Hope for All the World EP is the twelfth main studio release and second Christmas album by CCM trio Phillips, Craig and Dean. It was released on November 23, 2010. It was the group's first EP, however all songs from the EP were later included in a full-length Christmas studio album released in 2013 with the same name, along with four brand new songs.

==Reception==
===Singles===
The first single from the EP, For All The World, has performed moderately successful on Christian radio charts, debuting at No. 13 on the INSPO chart and 28 the Billboard Christian Songs chart.
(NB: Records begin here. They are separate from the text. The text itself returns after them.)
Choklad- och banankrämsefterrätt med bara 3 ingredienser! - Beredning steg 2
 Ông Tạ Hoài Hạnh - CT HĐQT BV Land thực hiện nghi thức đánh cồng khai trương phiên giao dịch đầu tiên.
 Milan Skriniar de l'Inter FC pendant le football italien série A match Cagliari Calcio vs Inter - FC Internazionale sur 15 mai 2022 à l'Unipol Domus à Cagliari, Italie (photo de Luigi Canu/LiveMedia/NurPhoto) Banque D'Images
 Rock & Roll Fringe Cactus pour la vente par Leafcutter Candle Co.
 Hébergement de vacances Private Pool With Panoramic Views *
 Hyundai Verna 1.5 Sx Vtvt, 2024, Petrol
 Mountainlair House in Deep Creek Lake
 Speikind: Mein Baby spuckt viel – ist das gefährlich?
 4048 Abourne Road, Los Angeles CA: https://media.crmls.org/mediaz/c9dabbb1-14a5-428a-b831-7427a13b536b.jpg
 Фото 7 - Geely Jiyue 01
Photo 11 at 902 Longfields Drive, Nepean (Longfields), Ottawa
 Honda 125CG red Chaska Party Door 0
It is currently at 17 on the Christian Songs chart, 16 on the Soft AC/INSPO chart, and 10 on the INSPO chart

Do You Hear What I Hear has also charted at No. 31 on the Billboard chart and 20 on the Soft AC/INSPO and received radio airplay, despite not being officially released as a single.

==Track listing==
1. "For All The World" (Kyle Wayne Lee, Michael Farren) – 3:57
2. "O Come All Ye Faithful" – 3:44
3. "Do You Hear What I Hear" – 4:24
4. "A Night of Hope" (Geron Davis, Dan Dean) – 3:49
5. "God Bless Us" (Scott Krippayne, Jeff Peabody) – 3:35
6. "Jingle Bells (Duck Mix)" – 1:45
Total Length: 19:54

- 2013 CD Release
1. "Born Is The King (It's Christmas) (Scott Ligertwood, Matt Crocker) – 3:17
2. "Do You Hear What I Hear" – 4:24
3. "For All The World" (Kyle Wayne Lee, Michael Farren) – 3:57
4. "O Come All Ye Faithful" – 3:44
5. "God Rest Ye Merry Gentlemen/We Three Kings" – 3:28
6. "The First Noel" – 3:35
7. "God Bless Us" (Scott Krippayne, Jeff Peabody) – 3:35
8. Suddenly (Randy Phillips, Jimmy Fedd, Matthew West) – 5:04
9. "A Night of Hope" (Geron Davis, Dan Dean) – 3:49
10. "Jingle Bells (Duck Mix)" – 1:45
Total Length: 36:34

== Credits ==

Phillips Craig & Dean
- Randy Phillips – lead vocals (1–10), backing vocals
- Dan Dean – lead vocals (1–9), backing vocals
- Shawn Craig – lead vocals (2–8), backing vocals

Musicians
- Nathan Nockels – keyboards, programming, acoustic guitars, electric guitars
- Gabe Scott – programming, accordion, acoustic guitars, bouzouki, dulcimer
- Jason Hoard – electric guitars
- Chris Brink – bass
- Jacob Arnold – drums

Production
- Nathan Nockels – producer, recording
- Jim Dineen – recording
- Tom Laune – mixing
- Dave McNair – mastering

==Singles==

| Year | Song | Peak chart position |  |  |
| Christian Songs | Soft AC/Inspirational | INSPO |
| 2010 | "For All The World" | 17 | 16 | 10 |
| 2010 | "Do You Hear What I Hear" | 31 | 20 | — |
"—" denotes the single didn't chart.